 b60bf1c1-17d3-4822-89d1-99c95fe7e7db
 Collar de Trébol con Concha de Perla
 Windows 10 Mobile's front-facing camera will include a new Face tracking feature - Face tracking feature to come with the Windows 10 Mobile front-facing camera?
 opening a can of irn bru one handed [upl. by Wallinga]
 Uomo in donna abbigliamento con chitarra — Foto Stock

====================

■ Work instructions ■
Transcribe the full listing, matching it exactly.

■ Task result ■
 b60bf1c1-17d3-4822-89d1-99c95fe7e7db
 Collar de Trébol con Concha de Perla
 Windows 10 Mobile's front-facing camera will include a new Face tracking feature - Face tracking feature to come with the Windows 10 Mobile front-facing camera?
 opening a can of irn bru one handed [upl. by Wallinga]
 Uomo in donna abbigliamento con chitarra — Foto Stock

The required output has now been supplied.